Without any pictures, the records below should be reproduced exactly.

[Image-text web data]
====================

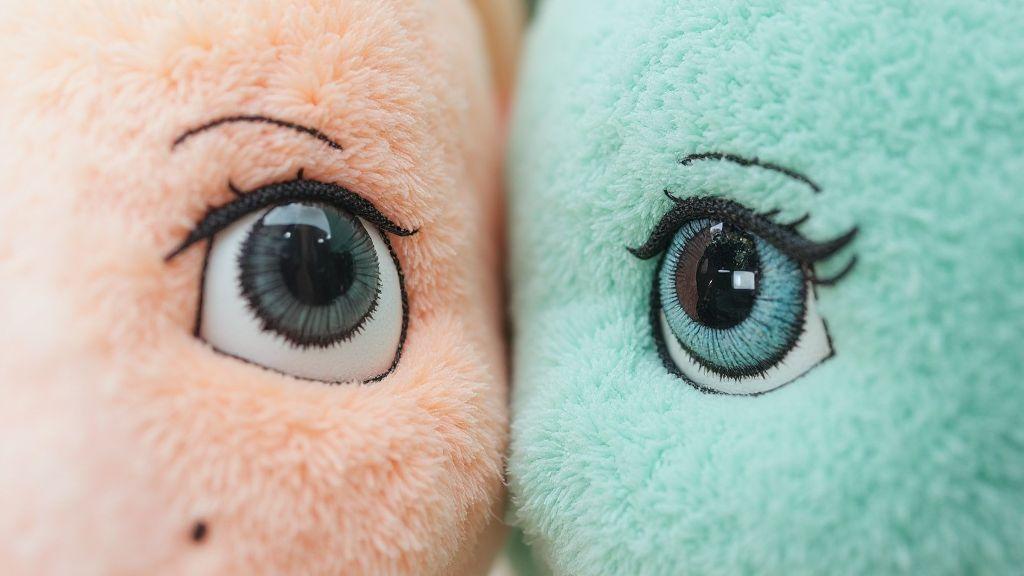 safety-eyes-vs-embroidered-eyes-pros-cons-and-best-uses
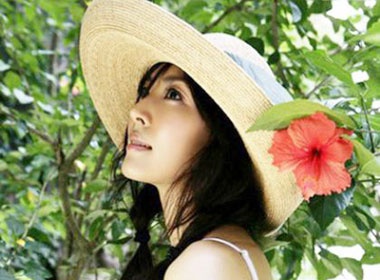 Cham soc da trong mua he hinh anh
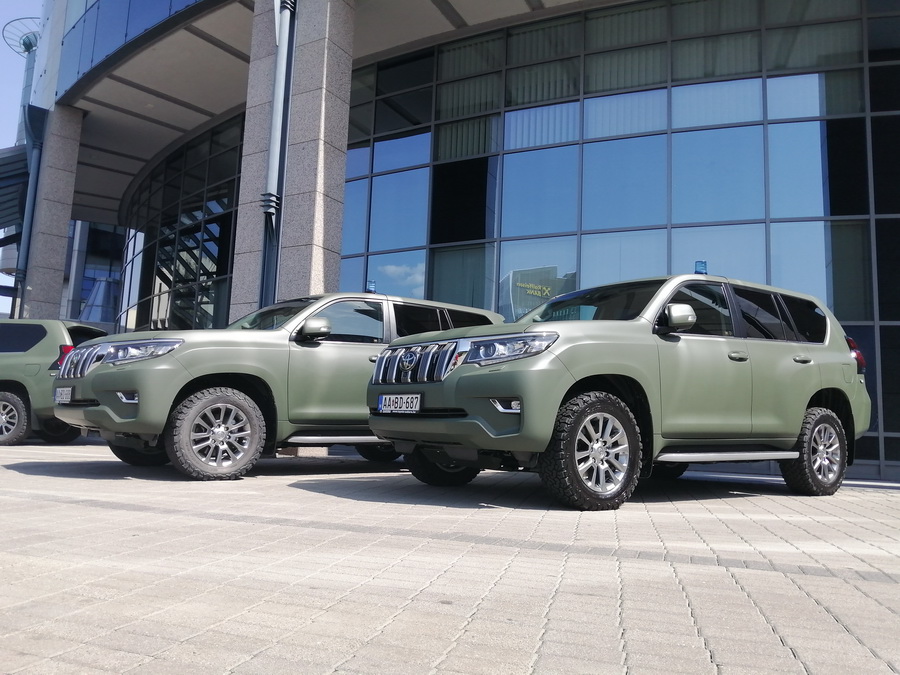 2208 Uj Toyota Land Cruiser 1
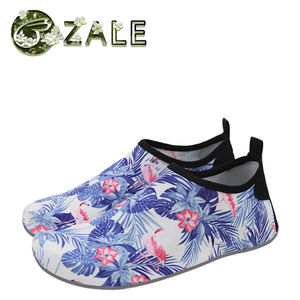 <span class=keywords><strong>Chaussures</strong></span> pieds nus en forme de flamant Offre Spéciale pour adultes <span class=keywords><strong>chaussures</strong></span> de plage à séchage rapide personnalisées toutes les tailles disponibles - Product Image 4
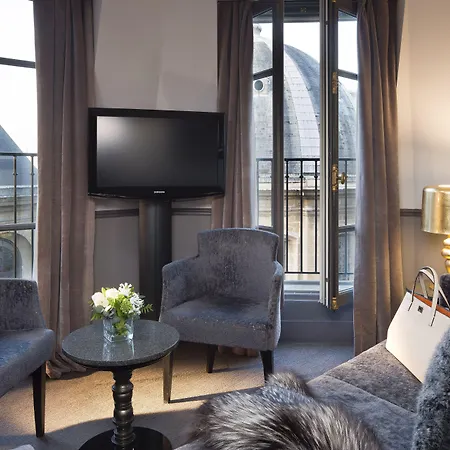 Hotel Lumen Paris Louvre-3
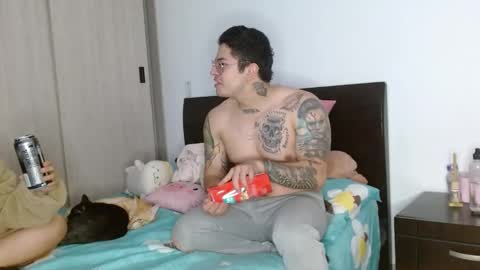 Auro and Santiago online show from 4, 2, 2025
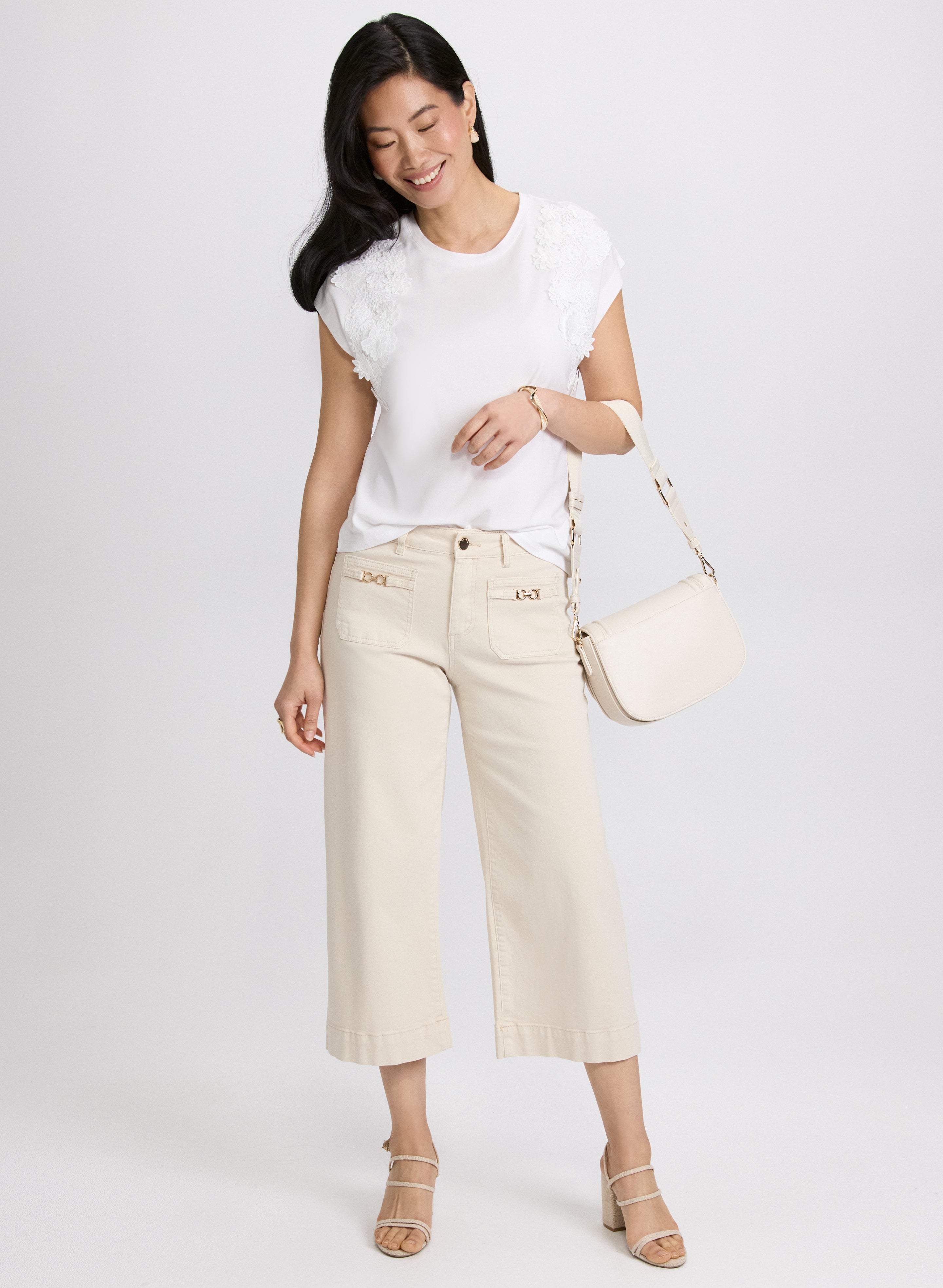 Floral Appliqué T-Shirt for Women - Stylish Embroidered Blouse for Casual Wear & Summer Outfits
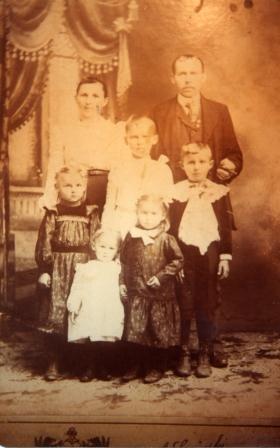 Big Joe and Josephine Moraniec with children, from eldest: Mary, Jack, Helen, Lucy, Sophie.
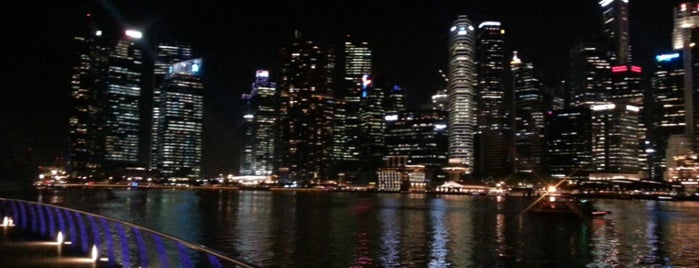 Marina Bay Sands TDR Entrance is one of Posti che sono piaciuti a LR.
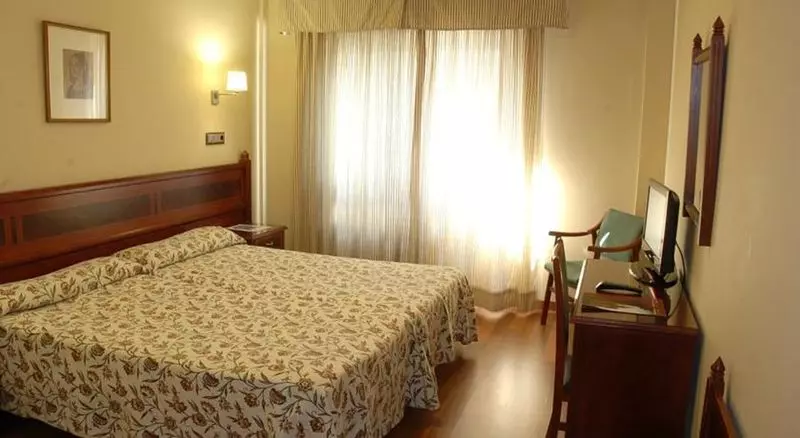 هتل Reyes Catolicos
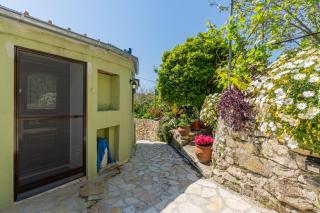 Victoria's House - 7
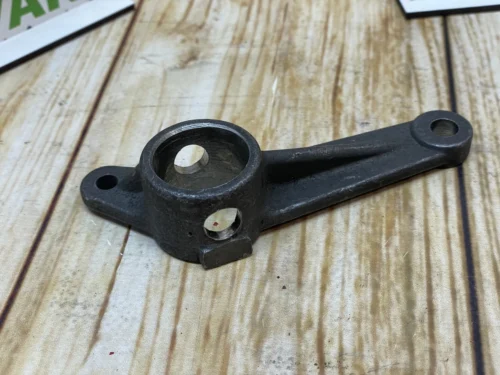 Важіль управління роздавальної коробки ПВМ Оригінал Р.Б (кат.52-1802082)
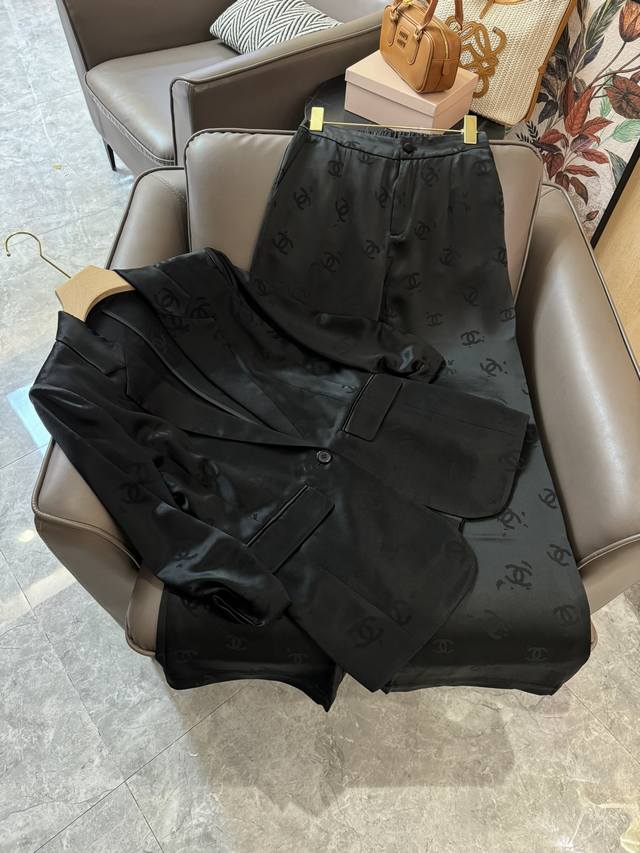 Hxz033#新款套装 Chanel 顶级 醋酸面料 提花 一粒扣 西装外套 长裤套装 黑色 白色 Smlxl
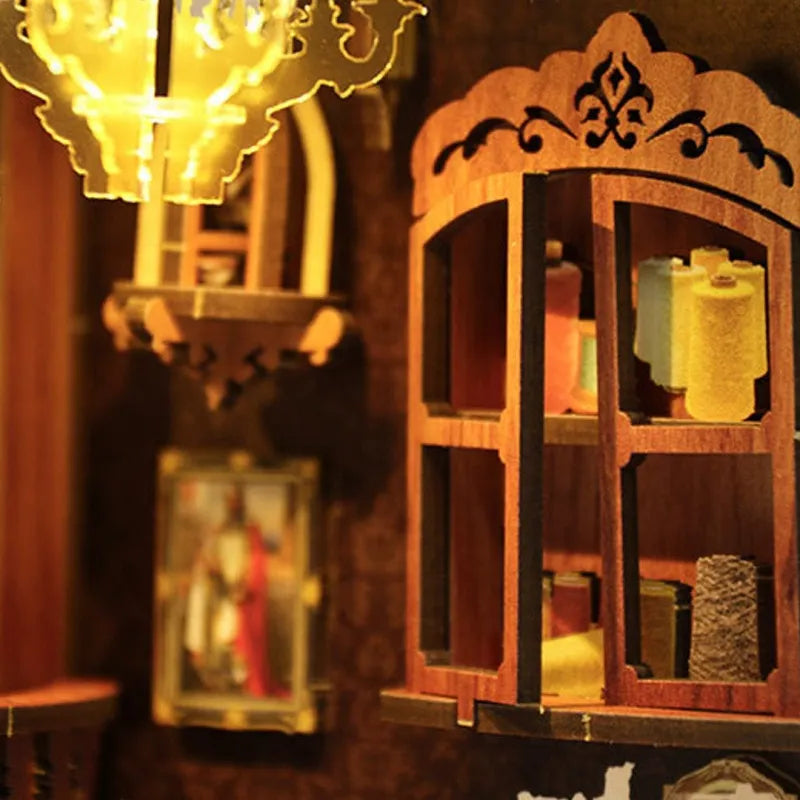 Royal Seamer - Book Nook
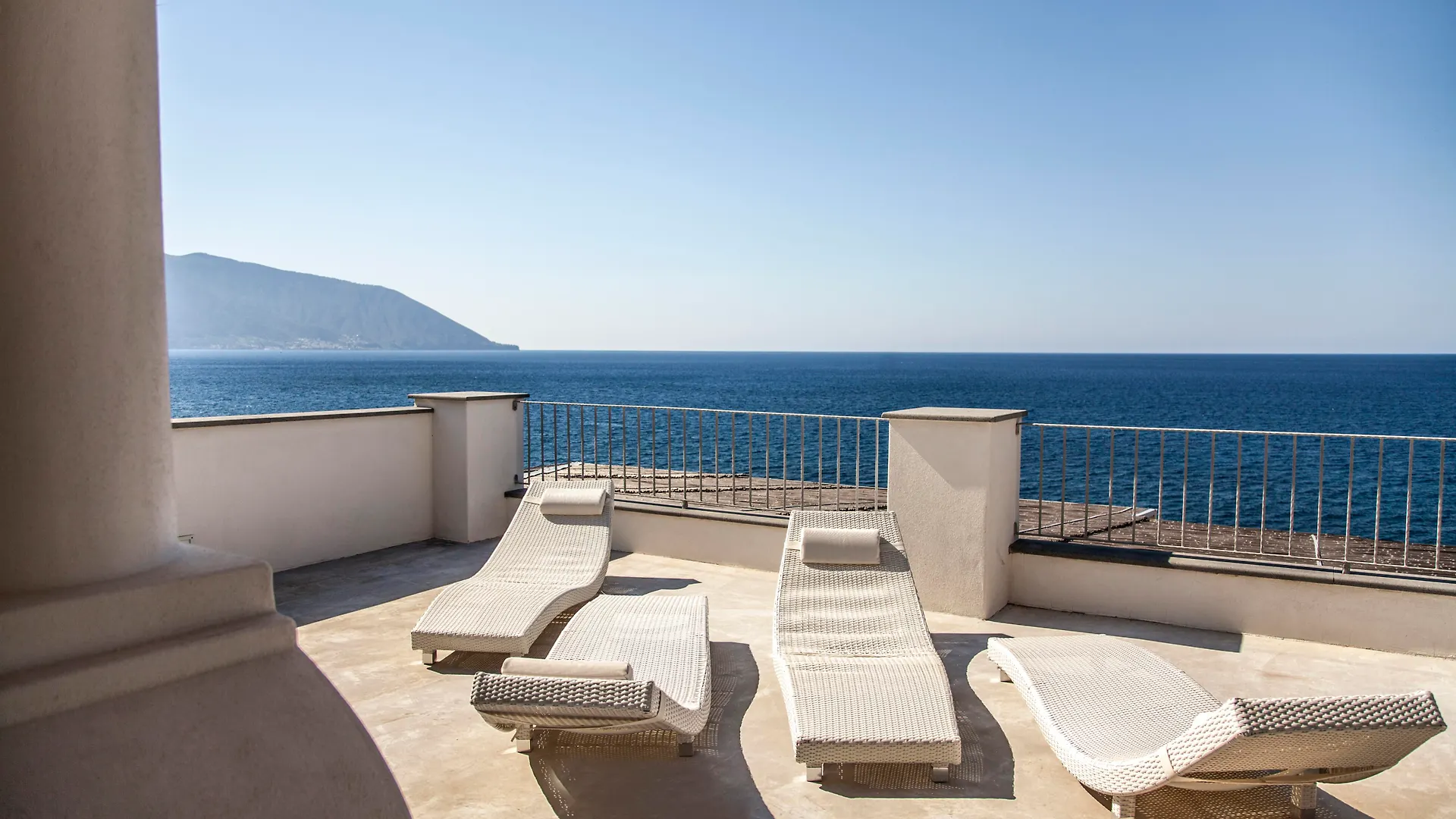 Hotel Cutimare - Aeolian Charme Acquacalda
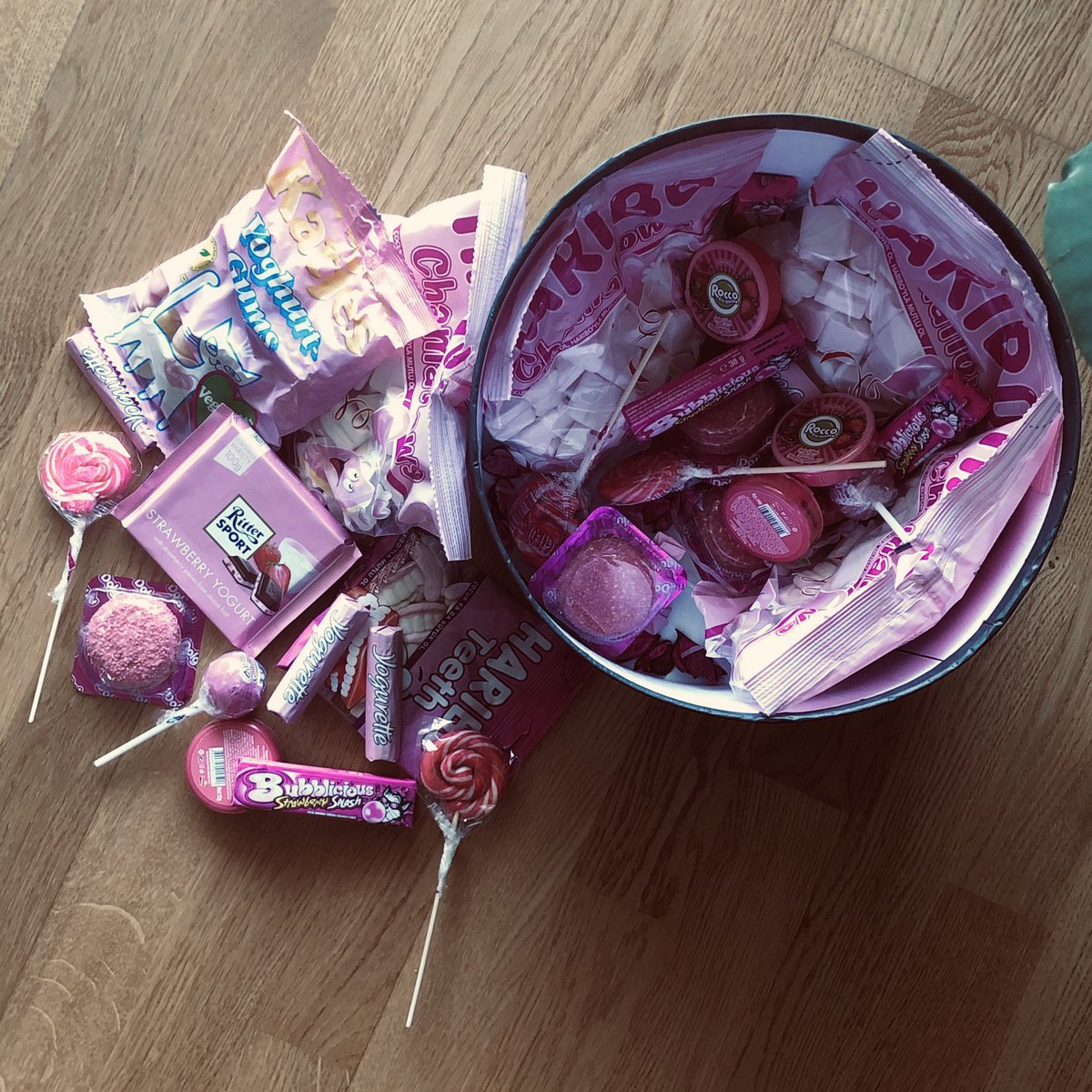 Bu tweeti RT'leyip beni takip eden
1 kişiye, pes pembe şekerler ve çikolatalardan oluşan bir paket hediye ediyorum. 🍬🍭🍫  

Sonuçları 25 Temmuz'da açıklayacağım, bol şans 😊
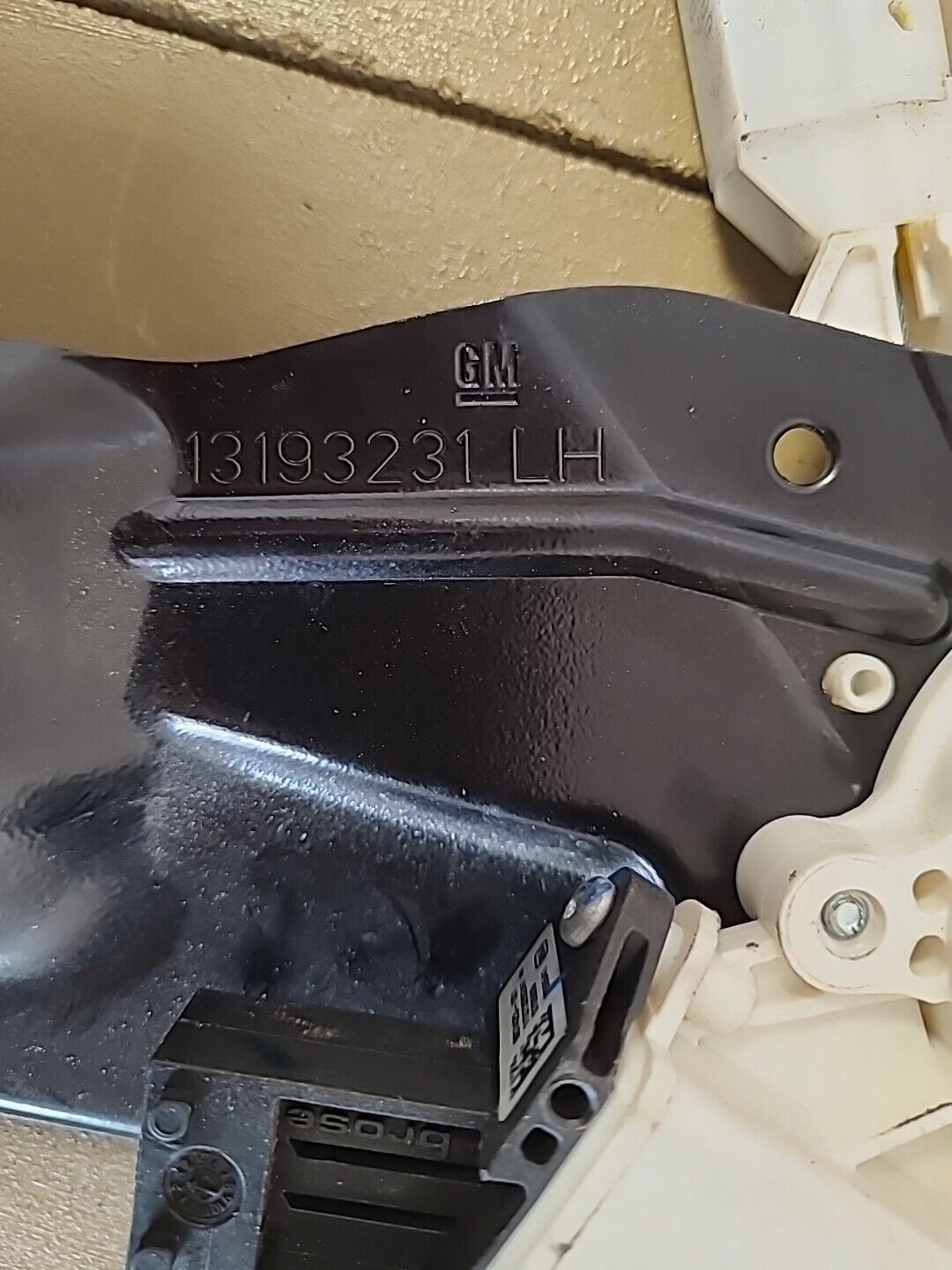 Lève-vitre avant gauche électrique OPEL Astra H Twintop / Cabriolet (2004-2010) Ref : 13193231LH – Image 4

====================

Answer section -
 safety-eyes-vs-embroidered-eyes-pros-cons-and-best-uses
 Cham soc da trong mua he hinh anh
 2208 Uj Toyota Land Cruiser 1
 <span class=keywords><strong>Chaussures</strong></span> pieds nus en forme de flamant Offre Spéciale pour adultes <span class=keywords><strong>chaussures</strong></span> de plage à séchage rapide personnalisées toutes les tailles disponibles - Product Image 4
 Hotel Lumen Paris Louvre-3
 Auro and Santiago online show from 4, 2, 2025
 Floral Appliqué T-Shirt for Women - Stylish Embroidered Blouse for Casual Wear & Summer Outfits
 Big Joe and Josephine Moraniec with children, from eldest: Mary, Jack, Helen, Lucy, Sophie.
 Marina Bay Sands TDR Entrance is one of Posti che sono piaciuti a LR.
 هتل Reyes Catolicos
 Victoria's House - 7
 Важіль управління роздавальної коробки ПВМ Оригінал Р.Б (кат.52-1802082)
 Hxz033#新款套装 Chanel 顶级 醋酸面料 提花 一粒扣 西装外套 长裤套装 黑色 白色 Smlxl
 Royal Seamer - Book Nook
 Hotel Cutimare - Aeolian Charme Acquacalda
 Bu tweeti RT'leyip beni takip eden
1 kişiye, pes pembe şekerler ve çikolatalardan oluşan bir paket hediye ediyorum. 🍬🍭🍫  

Sonuçları 25 Temmuz'da açıklayacağım, bol şans 😊
 Lève-vitre avant gauche électrique OPEL Astra H Twintop / Cabriolet (2004-2010) Ref : 13193231LH – Image 4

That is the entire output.